Originally released in 1972, Roxy Music simply had no precedent at the time. Guitarist Phil Manzanera, woodwindsest Andy MacKay, drummer Paul Thompson and bassist Graham Simpson (only on this record, thereby enshrining the habit of Roxy records from the original lineup never having the same bassist twice) create an impressive and distinctive melange of muscular, non-blues based rock riffage, nimble and eclectic rhythms and widely varying arrangements. Singer/songwriter/keyboardist Bryan Ferry lords over it all, with sly melodies that avoid obvious hooks while still cementing themselves into your brain, clever lyrics that pepper his odd, occasionally creepy compulsions with references to the works of art he studied at school, and a seductive, poisonous croon. Add to all that Brian Eno, given free reign to act as a chaos agent with his primitive synthesizers and tricked out oscillators, and you get a sound that broke the mold of sixties and seventies rock. In 1972, there wasn’t anything like “Re-Make/Re-Model,” the LP’s opening track, and it set the tone for what followed. Strange but accessible, acknowledged classics like “2HB” and the magnificent “Ladytron” (both of which, along with the weird lounge pisstake “Bitters-End,” were covered for the soundtrack for the cult film Velvet Goldmine), quirkier but still instantly tuneful epics like “Chance Meeting” and “If There is Something,” and “Would You Believe,” the only track to acknowledge the existence of the rock & roll that came before it, pave their own road in their relentless drive forward. Easily one of the top 10 greatest rock debuts of all time.

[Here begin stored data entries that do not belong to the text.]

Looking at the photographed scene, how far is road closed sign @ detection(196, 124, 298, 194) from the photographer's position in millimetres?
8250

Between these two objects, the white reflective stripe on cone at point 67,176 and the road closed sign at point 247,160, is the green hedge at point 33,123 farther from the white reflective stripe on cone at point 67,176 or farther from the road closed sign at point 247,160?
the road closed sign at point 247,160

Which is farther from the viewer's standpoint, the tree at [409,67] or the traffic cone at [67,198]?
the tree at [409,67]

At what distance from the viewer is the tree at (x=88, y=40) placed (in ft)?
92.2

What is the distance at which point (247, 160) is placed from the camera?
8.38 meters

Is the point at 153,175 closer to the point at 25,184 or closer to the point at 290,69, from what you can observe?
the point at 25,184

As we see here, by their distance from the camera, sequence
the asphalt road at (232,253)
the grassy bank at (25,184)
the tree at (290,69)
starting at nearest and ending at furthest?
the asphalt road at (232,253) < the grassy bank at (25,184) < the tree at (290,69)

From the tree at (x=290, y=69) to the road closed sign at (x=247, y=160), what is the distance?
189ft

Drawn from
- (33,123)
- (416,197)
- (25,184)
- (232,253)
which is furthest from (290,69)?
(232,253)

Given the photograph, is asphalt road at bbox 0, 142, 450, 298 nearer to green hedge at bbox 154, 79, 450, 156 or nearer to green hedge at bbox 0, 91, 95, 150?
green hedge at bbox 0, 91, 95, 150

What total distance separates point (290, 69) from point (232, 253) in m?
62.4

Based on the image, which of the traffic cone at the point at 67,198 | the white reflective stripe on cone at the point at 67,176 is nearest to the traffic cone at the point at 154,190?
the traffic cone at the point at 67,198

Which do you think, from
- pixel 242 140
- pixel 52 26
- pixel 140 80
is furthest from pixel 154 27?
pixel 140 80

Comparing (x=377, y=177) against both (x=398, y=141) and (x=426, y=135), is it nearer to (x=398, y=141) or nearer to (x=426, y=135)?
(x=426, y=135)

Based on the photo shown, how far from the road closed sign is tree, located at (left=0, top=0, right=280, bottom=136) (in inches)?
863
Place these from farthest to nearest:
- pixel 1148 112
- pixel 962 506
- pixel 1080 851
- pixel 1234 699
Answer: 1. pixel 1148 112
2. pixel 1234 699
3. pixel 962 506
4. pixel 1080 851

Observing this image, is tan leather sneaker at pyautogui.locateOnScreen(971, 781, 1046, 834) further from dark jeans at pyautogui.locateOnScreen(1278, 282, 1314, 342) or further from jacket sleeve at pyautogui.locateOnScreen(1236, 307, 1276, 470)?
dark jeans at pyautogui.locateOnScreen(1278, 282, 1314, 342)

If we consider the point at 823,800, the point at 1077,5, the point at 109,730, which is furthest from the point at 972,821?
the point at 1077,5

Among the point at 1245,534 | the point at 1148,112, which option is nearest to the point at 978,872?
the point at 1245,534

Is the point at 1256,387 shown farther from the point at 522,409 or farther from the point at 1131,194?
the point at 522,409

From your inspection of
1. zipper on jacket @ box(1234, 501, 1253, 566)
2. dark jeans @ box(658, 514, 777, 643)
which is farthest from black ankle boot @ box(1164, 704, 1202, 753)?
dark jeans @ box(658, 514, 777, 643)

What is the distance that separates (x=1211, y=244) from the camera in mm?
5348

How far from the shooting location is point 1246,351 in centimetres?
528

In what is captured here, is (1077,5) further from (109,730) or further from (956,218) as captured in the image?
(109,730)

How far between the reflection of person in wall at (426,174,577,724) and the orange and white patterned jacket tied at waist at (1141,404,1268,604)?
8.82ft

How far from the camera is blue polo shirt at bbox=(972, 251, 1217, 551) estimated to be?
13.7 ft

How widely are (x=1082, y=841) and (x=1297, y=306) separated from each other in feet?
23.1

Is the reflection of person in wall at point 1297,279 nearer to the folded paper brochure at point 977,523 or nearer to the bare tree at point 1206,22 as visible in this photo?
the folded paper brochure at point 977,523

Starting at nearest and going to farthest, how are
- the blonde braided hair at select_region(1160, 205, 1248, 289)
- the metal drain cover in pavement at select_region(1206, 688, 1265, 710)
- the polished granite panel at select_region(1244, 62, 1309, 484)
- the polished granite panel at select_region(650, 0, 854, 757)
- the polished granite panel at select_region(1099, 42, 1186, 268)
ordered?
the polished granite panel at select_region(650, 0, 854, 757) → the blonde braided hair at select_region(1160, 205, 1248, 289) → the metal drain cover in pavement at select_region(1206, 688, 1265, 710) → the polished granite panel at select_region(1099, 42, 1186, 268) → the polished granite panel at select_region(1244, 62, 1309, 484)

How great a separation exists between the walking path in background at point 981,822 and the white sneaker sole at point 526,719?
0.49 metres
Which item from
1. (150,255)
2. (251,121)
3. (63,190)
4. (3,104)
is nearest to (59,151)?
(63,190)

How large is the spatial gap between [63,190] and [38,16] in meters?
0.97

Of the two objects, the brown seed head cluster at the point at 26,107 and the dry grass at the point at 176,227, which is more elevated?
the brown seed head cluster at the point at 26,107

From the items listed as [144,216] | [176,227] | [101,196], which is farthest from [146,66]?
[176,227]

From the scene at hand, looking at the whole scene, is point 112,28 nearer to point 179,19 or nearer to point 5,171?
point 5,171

Varyingly categorized, both now and at the time, as glam, prog, psychedelia, proto-punk or proto-new wave, Roxy Music was a lot to live up to, and 1973’s For Your Pleasure gives it all it’s got in the attempt. The band kicks the LP off with “Do the Strand,” an odd but endearing parody of the tradition of introducing rock & roll dances, insisting that the listener do it while never explaining what the steps are. The melodic “Beauty Queen” and “Grey Lagoon” similarly shoot for the pop charts from a parallel dimension, but the frantically rocking “Editions of You” stands as the most ear-catching track, even as Manzanera, MacKay and Eno rip through it mercilessly with striking solos. In contrast to the cheeky rock tunes, the brooding, crawling “In Every Dream Home a Heartache” and “Strictly Confidential” dive straight into the pool of uncomfortable obsession, with Ferry presciently bending the satirical lounge lizard persona he’d adopt later in the band’s career into hellish shapes that nonetheless draw you in the way a Venus flytrap snares flies. They’re just the warm-up, however, for the nine-and-a-half minute epic “The Bogus Man,” a bizarre and extraordinary fantasy that is like little else in the band’s already fiercely fluctuating oeuvre. After that, the title track – a sort of musical answer to the more upbeat and pop-adjacent “Do the Strand” – sounds nearly normal, even with the ghostly synthesizers and Ferry’s spaced-out singing. Both more overtly tuneful and much weirder than the debut, For Your Pleasure enjoys a truly distinctive place in the Roxy Music catalog.
Even now, there’s nothing quite like these records. Even bands that openly acknowledge their debt to Roxy Music – Japan, Duran Duran, Bauhaus, Suede, the Church, Nick Cave, Spandau Ballet, Ultravox, the Cars – don’t really sound much like the group that made these records. Half a century on, both Roxy Music and For Your Pleasure cut singular figures in the rock landscape, having carved out a new space for the forward-thinking rock eccentrics to come.